Onder leraren is onrust ontstaan over de procedure die gekozen is voor de verkiezing van de afvaardiging van de deelnemersvergadering voor het lerarenregister. Er zijn inmiddels zelfs Kamervragen over de kwestie gesteld.
Midden in de periode dat leraren kunnen stemmen op hun favoriete kandidaat voor het ‘registerparlement’ is ophef ontstaan over de gekozen procedure. De kritiek heeft met name betrekking op de selectie van de stemgerechtigden. De Onderwijscoöperatie, de organisator van de verkiezingen, heeft ervoor gekozen om iedereen die zich op enig moment heeft aangemeld voor het register te laten meestemmen. Dat betekent dat ook niet-leraren die zich hebben aangemeld een stemcode hebben gekregen.
Nieuwsgierigheid
Op de site van de Onderwijscoöperatie valt te lezen dat iedereen die zich heeft aangemeld bij het register is uitgenodigd om te stemmen. Letterlijk staat er: ‘In die groep kunnen personen zitten die geen leraar zijn, maar zich bijvoorbeeld vanuit nieuwsgierigheid wel als leraar hebben ingeschreven. Er wordt door het bestuur van de Onderwijscoöperatie op vertrouwd dat deze personen geen gebruik zullen maken van de toegestuurde stemcode.’ Uit cijfers van mei 2017 bleek dat 39.000 leraren de aanmeldprocedure voor het register volledig hadden afgerond. Het aantal stemgerechtigden is met 83.000 ruim twee keer zo groot.
Zwemdiploma
Michel Rog, namens de CDA-fractie eerder groot voorstander van de registerwet, heeft naar aanleiding van de ophef Kamervragen gesteld.
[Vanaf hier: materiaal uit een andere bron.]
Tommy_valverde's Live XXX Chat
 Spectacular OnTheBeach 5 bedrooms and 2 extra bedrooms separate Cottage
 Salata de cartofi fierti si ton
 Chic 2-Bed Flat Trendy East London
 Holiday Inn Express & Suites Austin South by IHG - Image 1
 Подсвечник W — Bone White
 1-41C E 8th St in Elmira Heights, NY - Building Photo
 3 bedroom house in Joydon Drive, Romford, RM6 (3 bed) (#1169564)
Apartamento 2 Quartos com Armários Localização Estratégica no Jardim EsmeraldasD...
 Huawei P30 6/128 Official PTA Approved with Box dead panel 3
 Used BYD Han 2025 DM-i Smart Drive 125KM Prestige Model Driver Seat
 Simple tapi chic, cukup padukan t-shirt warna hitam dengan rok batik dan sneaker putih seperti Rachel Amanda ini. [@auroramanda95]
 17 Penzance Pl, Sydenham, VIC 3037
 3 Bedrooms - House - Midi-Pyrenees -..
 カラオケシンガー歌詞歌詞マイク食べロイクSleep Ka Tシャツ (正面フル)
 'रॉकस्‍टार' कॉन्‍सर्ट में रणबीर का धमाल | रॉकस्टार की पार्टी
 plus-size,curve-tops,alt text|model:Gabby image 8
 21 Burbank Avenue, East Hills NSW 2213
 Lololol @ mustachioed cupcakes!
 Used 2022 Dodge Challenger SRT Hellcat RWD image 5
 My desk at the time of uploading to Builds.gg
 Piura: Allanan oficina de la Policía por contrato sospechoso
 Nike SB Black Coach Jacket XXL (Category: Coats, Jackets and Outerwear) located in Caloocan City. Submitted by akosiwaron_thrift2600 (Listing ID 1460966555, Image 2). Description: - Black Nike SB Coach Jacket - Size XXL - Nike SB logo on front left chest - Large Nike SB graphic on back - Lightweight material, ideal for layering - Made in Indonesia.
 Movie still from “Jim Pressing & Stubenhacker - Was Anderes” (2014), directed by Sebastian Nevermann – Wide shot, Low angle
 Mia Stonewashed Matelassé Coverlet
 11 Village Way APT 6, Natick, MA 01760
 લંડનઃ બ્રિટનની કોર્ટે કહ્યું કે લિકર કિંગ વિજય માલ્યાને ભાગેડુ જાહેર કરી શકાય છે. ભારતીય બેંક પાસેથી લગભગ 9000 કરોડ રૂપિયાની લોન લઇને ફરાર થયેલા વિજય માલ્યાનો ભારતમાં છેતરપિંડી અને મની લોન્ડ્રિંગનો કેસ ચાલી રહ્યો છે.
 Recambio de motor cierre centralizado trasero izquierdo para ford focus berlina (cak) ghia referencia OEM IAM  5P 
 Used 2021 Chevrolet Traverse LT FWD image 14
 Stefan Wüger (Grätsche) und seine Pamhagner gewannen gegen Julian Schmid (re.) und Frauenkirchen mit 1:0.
Rog wil onder andere van staatssecretaris Dekker weten of hij kan ‘bevestigen dat leraren die een zwemdiploma als bewijsstuk voor hun bevoegdheid hebben ingediend (…) een stemcode hebben ontvangen waarmee zij onreglementair konden stemmen voor de verkiezing van de 24 afgevaardigden?’ Ook is Rog benieuwd of het klopt dat aanbieders van cursussen waarmee leraren punten kunnen verwerven een stemcode hebben ontvangen.